Science is not religion. Science is a methodology by which the natural world can be investigated and understood. Our understanding is imperfect and our information is incomplete, but that methodology by which we reliably expand both works.
I consider myself a (somewhat decreasingly) religious person, and I do believe in God. But I do acknowledge that my belief is based on ... well, emotional and personal experiential evidence rather than anything empirical, so I may be mistaken on metaphysics. If there is something beyond the natural world, then the religious are correct that it would have to make itself known to us via revelation, but there is no revelation that can be considered true a priori. There are multiple competing and often incompatible claims of revelation--and often, mutually incompatible interpretations of them. The only grounds that we possess for deciding which—if any—to accept are reasoning, logic, and observation
Science cannot say which one is the correct one because science deals with testable phenomenon within the natural world. However, when a religious system makes a real-world claim, then science can evaluate that claim. If someone claiming revelation predicates the truth of that revelation on empirical facts known to be wrong, then it is infinitely more likely that it is their claim of revelation and not the real-world observation that is in error. Mohler often refuses to give people a 'theological pass' to abandon young-earth creationism. But Mohler has it backwards: the claims of theology do not trump empirical observation, rather, it is by empirical observation that they are tested.

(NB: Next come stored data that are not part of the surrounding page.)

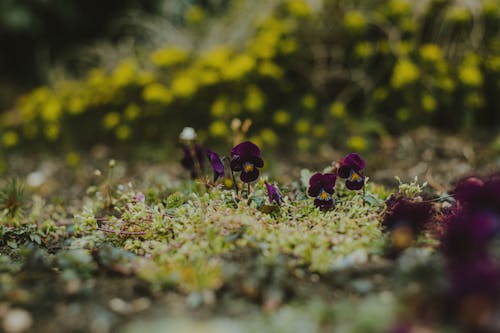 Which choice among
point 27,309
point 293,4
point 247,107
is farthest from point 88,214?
point 293,4

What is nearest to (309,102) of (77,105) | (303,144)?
(303,144)

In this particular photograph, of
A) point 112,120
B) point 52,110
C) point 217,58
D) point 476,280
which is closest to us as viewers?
point 476,280

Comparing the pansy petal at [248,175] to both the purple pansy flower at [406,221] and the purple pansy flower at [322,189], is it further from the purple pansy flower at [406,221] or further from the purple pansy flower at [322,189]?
the purple pansy flower at [406,221]

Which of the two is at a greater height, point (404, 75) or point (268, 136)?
point (404, 75)

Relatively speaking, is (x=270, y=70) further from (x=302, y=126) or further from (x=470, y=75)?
(x=470, y=75)

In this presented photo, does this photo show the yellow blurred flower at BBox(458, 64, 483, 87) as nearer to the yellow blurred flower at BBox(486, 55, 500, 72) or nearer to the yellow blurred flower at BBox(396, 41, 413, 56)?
the yellow blurred flower at BBox(486, 55, 500, 72)

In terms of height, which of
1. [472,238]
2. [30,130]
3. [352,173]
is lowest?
[472,238]

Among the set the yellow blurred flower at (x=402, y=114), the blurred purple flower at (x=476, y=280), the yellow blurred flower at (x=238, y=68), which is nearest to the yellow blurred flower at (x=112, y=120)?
the yellow blurred flower at (x=238, y=68) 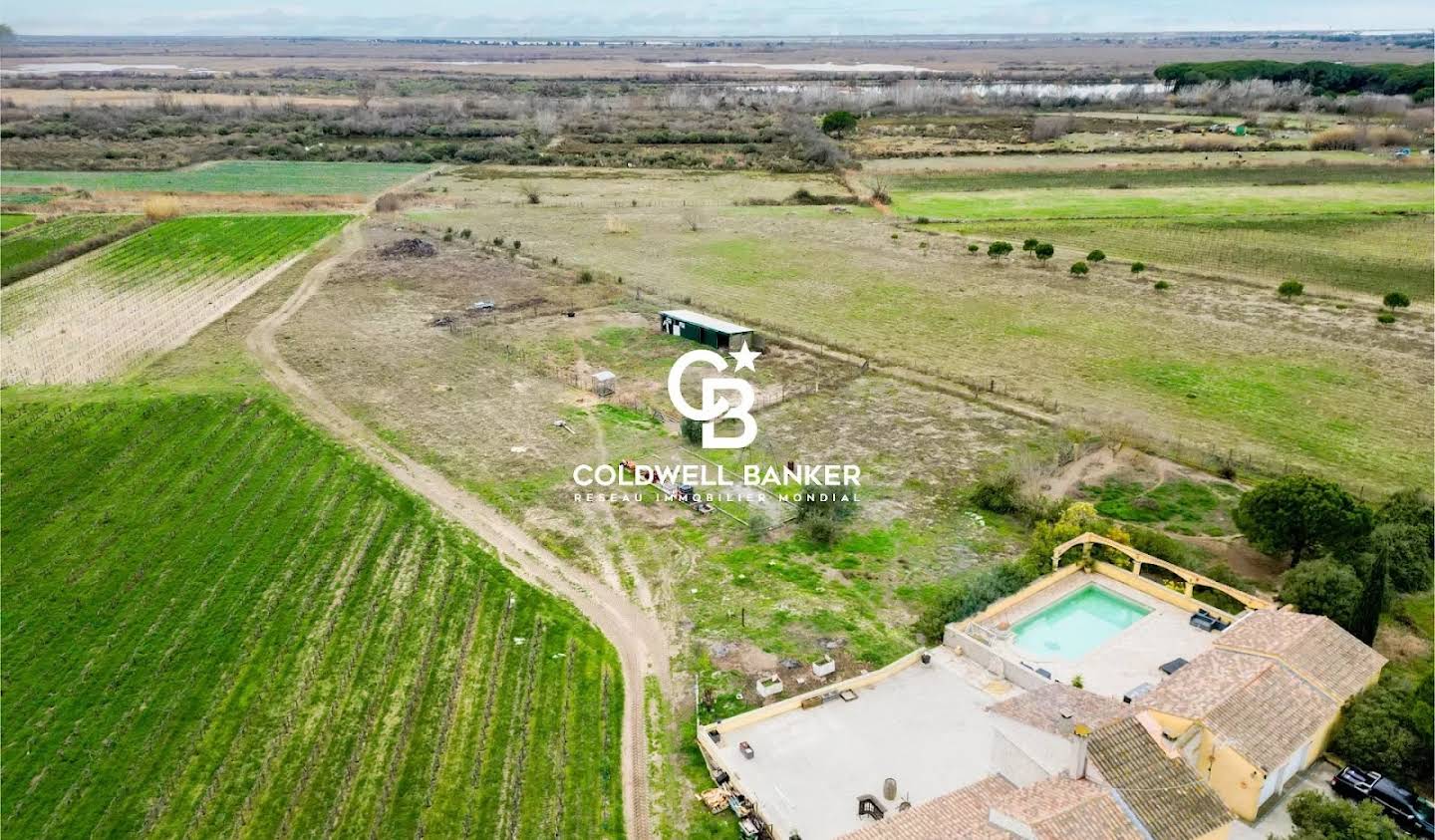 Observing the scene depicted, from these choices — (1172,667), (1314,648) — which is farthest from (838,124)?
(1314,648)

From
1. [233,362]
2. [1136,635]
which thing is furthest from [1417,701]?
[233,362]

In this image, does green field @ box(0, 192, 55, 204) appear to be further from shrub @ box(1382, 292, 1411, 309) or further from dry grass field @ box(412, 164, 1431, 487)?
shrub @ box(1382, 292, 1411, 309)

On what grounds does Mohler demand that we accept his claims, if not on the grounds that they are borne out by observation? I'm-right-and-you're-not just doesn't cut the mustard. 'The Bible says' doesn't cut it, either. That merely throws it back a level--on what grounds do we accept the Bible?--and complicates the issue: even if we accept the Bible, then why do we accept Mohler's interpretation?
The reason that Mohler is so insistent that his theology must trump reality is because it fails the reality test. An old Earth would indeed invalidate his theology as he says. However, it does not follow that every observation of such must be wrong. Rather, it follows that his theology is wrong, because the Earth is in fact old.